Kaçanik (Kaçaniku) or Kačanik (Качаник, /sh/), is a town and municipality located in the Ferizaj District of southern Kosovo. According to the 2024 census, Kaçanik’s urban population, including the Bob, is approximately 10,000 while the municipality as a whole has 27,742 inhabitants.The municipality covers an area of 220 km2, including the town of Kaçanik and total of 31 settlements.

== Name ==
The founder of the town Koxha Sinan Pasha called the town Kaçaniku.

In 1660, Ottoman writer and traveller Evliya Çelebi visited Kosovo and wrote that the town's name derived from the Ottoman Turkish word kaçanlar in reference to a group of Albanian bandits that operated in Üsküb and used the region of Kaçanik as a hideout.

==History==
===Early history===
The region of Kaçanik was one of the pathways, which were employed during Central European (akin to the Lusatian culture) migrations in the southern Balkans between 1200 and 1150 BCE. Roman era monuments include an altar that dates to 158–9 CE and is dedicated to a deity named Andinus (Deo Andino). The name Andinus appears among the central Illyrian and Dalmatian names, but the worship of Andinus seems to have been a local cult of southwestern Dardania as it doesn't appear in other parts of Illyria or the Roman Empire.

===Middle Ages===
After 9th century part of kingdom Raška and empire Serbia. Kaçanik was captured by the Ottomans in the 1420s. At that time Kaçanik was only a village registered by the Ottomans in 1455 defter as nahiyah.
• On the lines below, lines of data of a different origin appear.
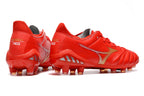 Chuteira Mizuno Morelia Neo lll FG - Campo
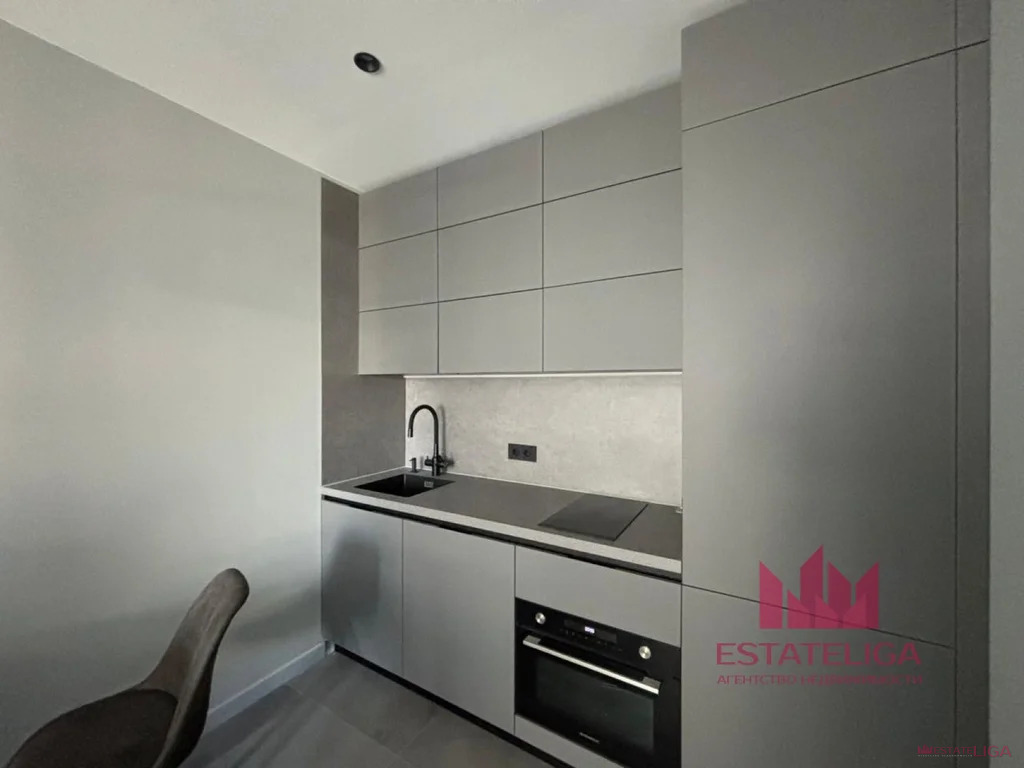 Аренда квартиры, Очаковское ш. - Фото 7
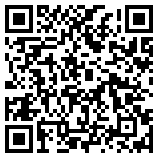 QR Code for Infinite Windows in Doral, FL 33172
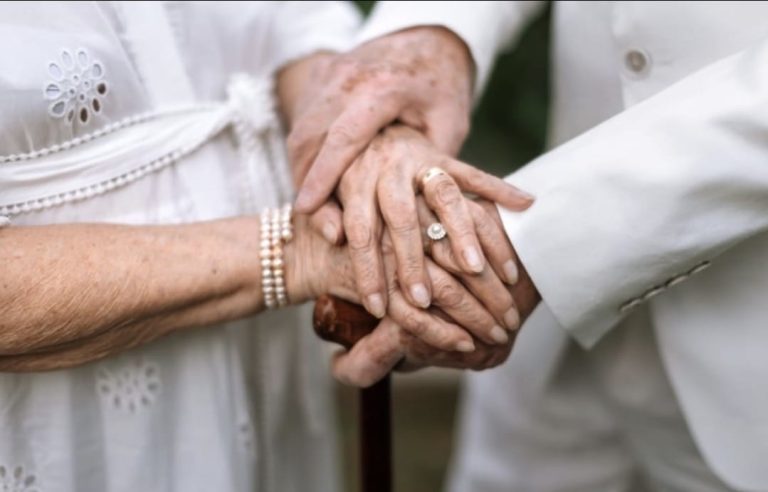 Bodas de Oro en Puente Alto: abren inscripciones para celebrar 50 años de matrimonio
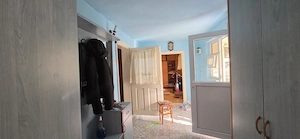 ZONA CENTRALA- CASA 5 CAMERE, CENTRALA GAZ - imagine 6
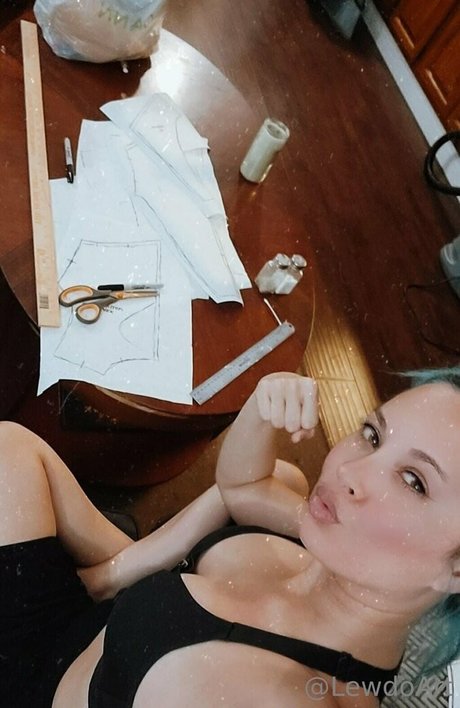 HendoArt star perfect photos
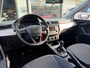 SEAT Ibiza 1.0 MPI Reference 1e Eigenaar|Airco|Cruise Ctr|Bluetooth|Lmv|Elek Pakket|Nw Apk
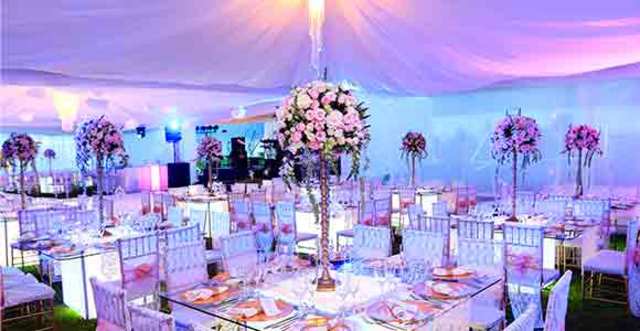 PUBLICIDAD DEL EVENTO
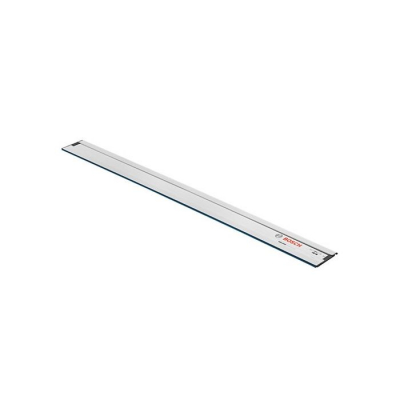 BOSCH FSN1400 GUIDE RAIL 2602317031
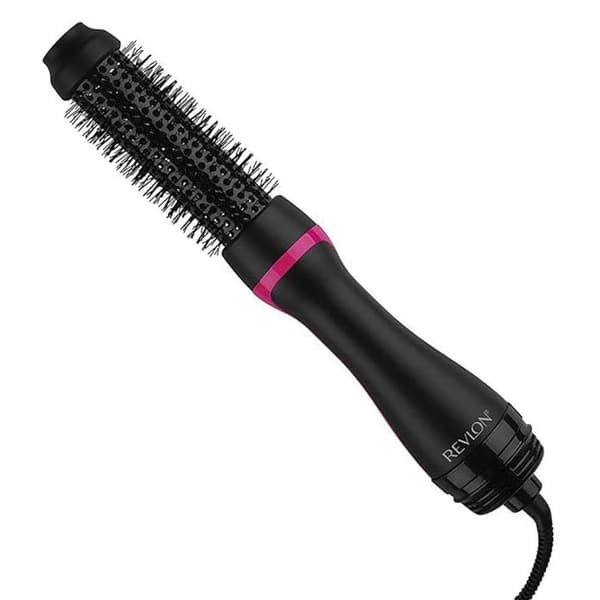 Revlon One-Step Style Booster RVDR5292UKE / Varmluftsbørste 38
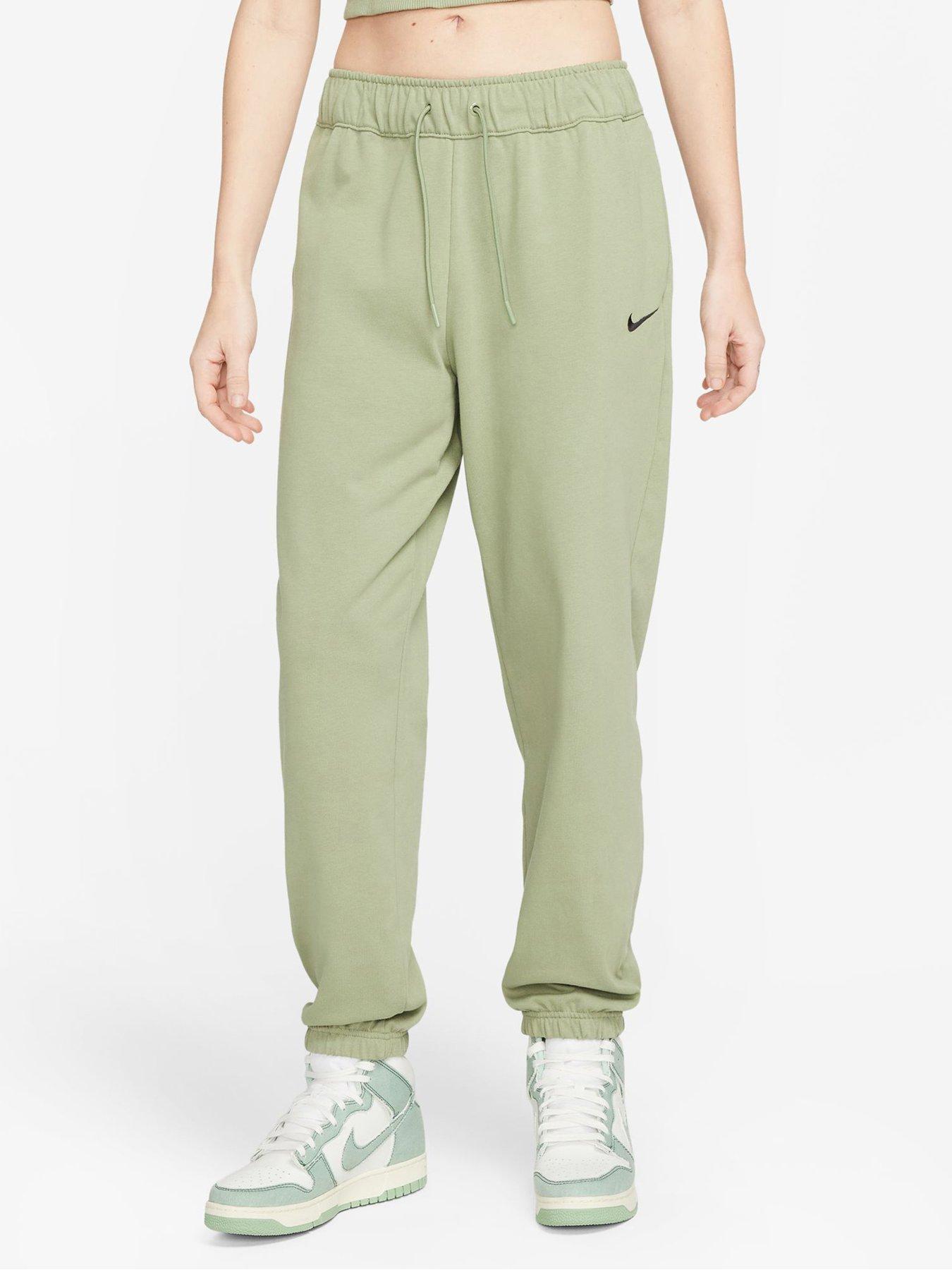 NIKE Women's Nike Sportswear Easy Jogger Pants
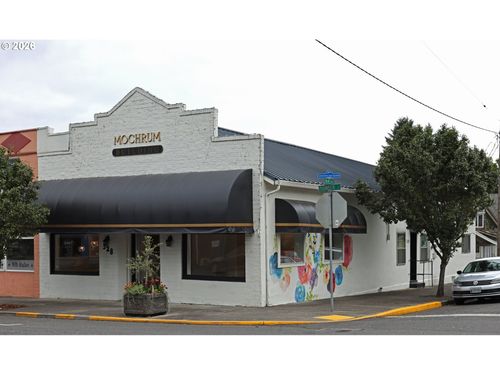 328 Pioneer St, Ridgefield, WA, 98642 | Card Image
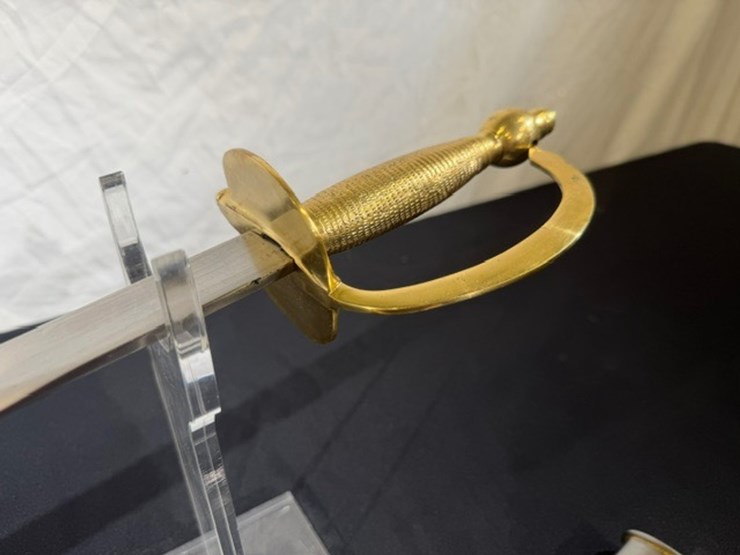 #36152-•-1840-united-states-army-sword-replica-image-6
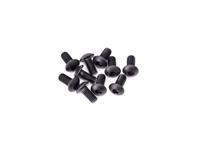 INFINITY M3x6mm BUTTON HEAD SCREW (10pcs)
Kaçanik was founded by Koca Sinan Pasha, who erected a tower, the town mosque which exists even today, a public kitchen for the poor (imaret), a school near the mosque, two hane (inns similar to caravanserais), one hammam (Turkish bathhouse), the town fortress called Llanishta Fortress and a few mills on the Lepenci river.

Kaçanik became known administratively as a town by the end of the 16th century, and up to year 1891 it was a part of the Ottoman Sanjak of Üsküb, which again belonged to the Kosovo Vilayet of the Ottoman Empire.

===Modern===
On January 2, 1690 Albanian insurgents participated in a battle on the side of the Austrian forces fought against the Ottomans at the Valley of Kaçanik.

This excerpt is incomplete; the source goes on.